▸ **WHAT YOU ARE ASKED TO DO**: A stretch of the entries below is to be set down exactly, running from the line with "Programmierer sind Perfekt" through the line with "Picture of AED", both included, and no other line.

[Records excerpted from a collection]

--

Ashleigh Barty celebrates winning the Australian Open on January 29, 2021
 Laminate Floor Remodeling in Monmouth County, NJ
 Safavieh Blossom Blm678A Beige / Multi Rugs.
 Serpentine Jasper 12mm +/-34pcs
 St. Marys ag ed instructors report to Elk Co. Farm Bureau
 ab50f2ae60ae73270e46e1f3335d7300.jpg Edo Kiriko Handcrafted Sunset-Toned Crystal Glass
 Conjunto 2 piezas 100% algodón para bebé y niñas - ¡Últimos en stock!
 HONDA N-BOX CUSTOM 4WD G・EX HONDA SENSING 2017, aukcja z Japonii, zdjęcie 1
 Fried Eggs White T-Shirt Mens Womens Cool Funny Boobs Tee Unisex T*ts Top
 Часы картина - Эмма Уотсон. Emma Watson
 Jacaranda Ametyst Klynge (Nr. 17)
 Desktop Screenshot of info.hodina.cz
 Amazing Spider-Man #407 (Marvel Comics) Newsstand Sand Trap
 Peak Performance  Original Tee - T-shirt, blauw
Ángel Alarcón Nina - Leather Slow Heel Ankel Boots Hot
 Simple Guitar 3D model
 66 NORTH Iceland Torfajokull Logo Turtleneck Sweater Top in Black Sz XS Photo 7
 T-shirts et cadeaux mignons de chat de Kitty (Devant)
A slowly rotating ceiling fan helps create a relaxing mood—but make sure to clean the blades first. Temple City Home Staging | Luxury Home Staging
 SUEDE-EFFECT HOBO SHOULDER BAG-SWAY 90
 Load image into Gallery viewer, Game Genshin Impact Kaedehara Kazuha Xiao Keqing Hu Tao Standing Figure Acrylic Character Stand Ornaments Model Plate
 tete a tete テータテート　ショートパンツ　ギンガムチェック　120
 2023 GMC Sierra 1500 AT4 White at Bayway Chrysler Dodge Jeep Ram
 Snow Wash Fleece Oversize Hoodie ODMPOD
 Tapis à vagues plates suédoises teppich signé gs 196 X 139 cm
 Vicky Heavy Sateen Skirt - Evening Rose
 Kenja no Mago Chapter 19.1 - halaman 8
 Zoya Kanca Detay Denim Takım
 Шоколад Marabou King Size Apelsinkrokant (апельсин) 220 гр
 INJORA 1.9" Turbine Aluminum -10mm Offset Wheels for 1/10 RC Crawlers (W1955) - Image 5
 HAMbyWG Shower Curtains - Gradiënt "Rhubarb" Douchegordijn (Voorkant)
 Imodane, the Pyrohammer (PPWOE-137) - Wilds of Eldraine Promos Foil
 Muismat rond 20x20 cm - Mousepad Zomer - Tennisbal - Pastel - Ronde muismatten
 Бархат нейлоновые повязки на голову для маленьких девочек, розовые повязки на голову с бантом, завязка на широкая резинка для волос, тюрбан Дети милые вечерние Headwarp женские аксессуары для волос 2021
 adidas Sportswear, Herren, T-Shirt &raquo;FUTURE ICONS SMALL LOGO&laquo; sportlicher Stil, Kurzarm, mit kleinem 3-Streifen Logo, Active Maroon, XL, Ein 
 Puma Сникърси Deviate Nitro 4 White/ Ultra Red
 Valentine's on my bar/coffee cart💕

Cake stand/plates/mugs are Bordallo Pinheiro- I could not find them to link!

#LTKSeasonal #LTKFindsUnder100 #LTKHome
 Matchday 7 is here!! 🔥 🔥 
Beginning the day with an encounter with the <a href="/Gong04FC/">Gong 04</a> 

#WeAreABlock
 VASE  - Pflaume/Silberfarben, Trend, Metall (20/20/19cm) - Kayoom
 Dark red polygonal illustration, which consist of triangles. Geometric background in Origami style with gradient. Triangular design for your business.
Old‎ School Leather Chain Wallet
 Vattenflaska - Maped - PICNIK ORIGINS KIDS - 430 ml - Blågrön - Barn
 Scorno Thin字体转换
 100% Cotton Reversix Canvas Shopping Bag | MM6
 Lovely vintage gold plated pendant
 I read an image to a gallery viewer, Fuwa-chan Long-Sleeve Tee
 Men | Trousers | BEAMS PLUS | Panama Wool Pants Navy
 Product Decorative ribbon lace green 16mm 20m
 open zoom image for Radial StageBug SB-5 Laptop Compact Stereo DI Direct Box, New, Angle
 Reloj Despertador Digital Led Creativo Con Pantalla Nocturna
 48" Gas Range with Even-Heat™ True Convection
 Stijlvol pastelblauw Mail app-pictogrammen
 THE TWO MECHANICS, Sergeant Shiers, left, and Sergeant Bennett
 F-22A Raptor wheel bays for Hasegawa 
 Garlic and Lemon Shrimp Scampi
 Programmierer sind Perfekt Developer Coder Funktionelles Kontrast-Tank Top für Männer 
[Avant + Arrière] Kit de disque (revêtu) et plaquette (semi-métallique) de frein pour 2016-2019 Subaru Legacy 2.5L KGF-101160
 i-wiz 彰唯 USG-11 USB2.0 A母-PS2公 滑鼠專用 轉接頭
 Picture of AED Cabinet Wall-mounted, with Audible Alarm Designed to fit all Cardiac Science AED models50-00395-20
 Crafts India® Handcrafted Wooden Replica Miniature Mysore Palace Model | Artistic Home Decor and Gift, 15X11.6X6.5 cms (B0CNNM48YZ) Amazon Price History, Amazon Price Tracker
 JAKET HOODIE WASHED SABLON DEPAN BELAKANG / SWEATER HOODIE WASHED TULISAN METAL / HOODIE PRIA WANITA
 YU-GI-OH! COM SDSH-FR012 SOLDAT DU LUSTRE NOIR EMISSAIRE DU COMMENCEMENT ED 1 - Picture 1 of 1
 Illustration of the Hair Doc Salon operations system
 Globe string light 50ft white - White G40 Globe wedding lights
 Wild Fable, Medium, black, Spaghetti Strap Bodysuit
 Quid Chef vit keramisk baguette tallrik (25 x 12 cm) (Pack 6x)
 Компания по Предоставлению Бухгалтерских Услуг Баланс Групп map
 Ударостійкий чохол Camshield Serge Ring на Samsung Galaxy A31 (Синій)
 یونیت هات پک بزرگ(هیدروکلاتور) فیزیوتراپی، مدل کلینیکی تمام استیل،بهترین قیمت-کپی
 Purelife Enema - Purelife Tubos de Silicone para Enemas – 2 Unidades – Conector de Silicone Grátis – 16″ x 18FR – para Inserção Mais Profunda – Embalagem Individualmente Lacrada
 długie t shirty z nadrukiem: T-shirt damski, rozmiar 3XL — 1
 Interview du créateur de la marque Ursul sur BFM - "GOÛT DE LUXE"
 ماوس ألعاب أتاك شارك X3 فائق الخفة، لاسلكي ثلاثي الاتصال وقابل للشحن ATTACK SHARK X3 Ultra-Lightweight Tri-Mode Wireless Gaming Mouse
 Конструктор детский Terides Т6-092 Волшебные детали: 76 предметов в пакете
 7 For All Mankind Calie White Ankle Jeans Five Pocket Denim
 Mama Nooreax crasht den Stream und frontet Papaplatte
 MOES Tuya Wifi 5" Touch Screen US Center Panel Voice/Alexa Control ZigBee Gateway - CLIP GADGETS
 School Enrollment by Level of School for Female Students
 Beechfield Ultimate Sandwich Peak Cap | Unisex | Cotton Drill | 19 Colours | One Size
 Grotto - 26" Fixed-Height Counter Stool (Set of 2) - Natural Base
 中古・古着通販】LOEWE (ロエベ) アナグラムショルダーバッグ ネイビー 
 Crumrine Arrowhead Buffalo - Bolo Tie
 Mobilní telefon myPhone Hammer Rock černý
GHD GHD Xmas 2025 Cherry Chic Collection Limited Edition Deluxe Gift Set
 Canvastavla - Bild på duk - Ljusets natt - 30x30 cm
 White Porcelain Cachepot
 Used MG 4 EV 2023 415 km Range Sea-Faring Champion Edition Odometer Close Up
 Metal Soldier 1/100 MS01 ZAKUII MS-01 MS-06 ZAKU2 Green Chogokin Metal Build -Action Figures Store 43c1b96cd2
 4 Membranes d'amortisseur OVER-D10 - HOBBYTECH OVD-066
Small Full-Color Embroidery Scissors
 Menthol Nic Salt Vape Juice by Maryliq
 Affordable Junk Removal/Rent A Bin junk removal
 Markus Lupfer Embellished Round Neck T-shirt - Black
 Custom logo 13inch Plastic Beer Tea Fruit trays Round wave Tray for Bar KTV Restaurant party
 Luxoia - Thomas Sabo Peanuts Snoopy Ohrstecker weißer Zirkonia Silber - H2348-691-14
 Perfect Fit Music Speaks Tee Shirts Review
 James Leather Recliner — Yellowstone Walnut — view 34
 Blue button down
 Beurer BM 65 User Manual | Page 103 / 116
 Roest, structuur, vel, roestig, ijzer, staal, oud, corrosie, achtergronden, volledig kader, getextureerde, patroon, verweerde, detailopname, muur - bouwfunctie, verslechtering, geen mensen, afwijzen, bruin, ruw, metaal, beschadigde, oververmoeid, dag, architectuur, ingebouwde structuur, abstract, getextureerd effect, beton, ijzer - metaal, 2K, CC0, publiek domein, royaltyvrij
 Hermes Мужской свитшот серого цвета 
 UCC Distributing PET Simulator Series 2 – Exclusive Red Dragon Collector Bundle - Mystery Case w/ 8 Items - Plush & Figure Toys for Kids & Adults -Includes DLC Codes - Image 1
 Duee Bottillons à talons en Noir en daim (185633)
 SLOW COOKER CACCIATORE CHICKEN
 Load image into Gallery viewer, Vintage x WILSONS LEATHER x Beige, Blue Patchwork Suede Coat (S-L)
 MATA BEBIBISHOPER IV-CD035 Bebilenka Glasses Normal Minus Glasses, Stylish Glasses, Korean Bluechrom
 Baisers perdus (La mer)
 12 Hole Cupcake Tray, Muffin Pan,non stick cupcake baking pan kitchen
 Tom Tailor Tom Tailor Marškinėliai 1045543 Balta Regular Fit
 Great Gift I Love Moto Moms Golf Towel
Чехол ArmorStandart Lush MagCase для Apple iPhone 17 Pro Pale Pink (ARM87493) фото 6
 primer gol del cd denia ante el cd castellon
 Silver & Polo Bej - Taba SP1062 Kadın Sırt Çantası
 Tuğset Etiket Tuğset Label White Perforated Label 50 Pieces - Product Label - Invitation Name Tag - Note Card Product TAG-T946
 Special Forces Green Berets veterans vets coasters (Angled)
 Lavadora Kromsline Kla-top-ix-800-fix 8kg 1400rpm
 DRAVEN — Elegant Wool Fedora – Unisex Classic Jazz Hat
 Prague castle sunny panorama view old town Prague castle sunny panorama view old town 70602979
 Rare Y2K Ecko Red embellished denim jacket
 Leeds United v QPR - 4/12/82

--

▸ **YOUR RESPONSE**:
 Programmierer sind Perfekt Developer Coder Funktionelles Kontrast-Tank Top für Männer 
[Avant + Arrière] Kit de disque (revêtu) et plaquette (semi-métallique) de frein pour 2016-2019 Subaru Legacy 2.5L KGF-101160
 i-wiz 彰唯 USG-11 USB2.0 A母-PS2公 滑鼠專用 轉接頭
 Picture of AED Cabinet Wall-mounted, with Audible Alarm Designed to fit all Cardiac Science AED models50-00395-20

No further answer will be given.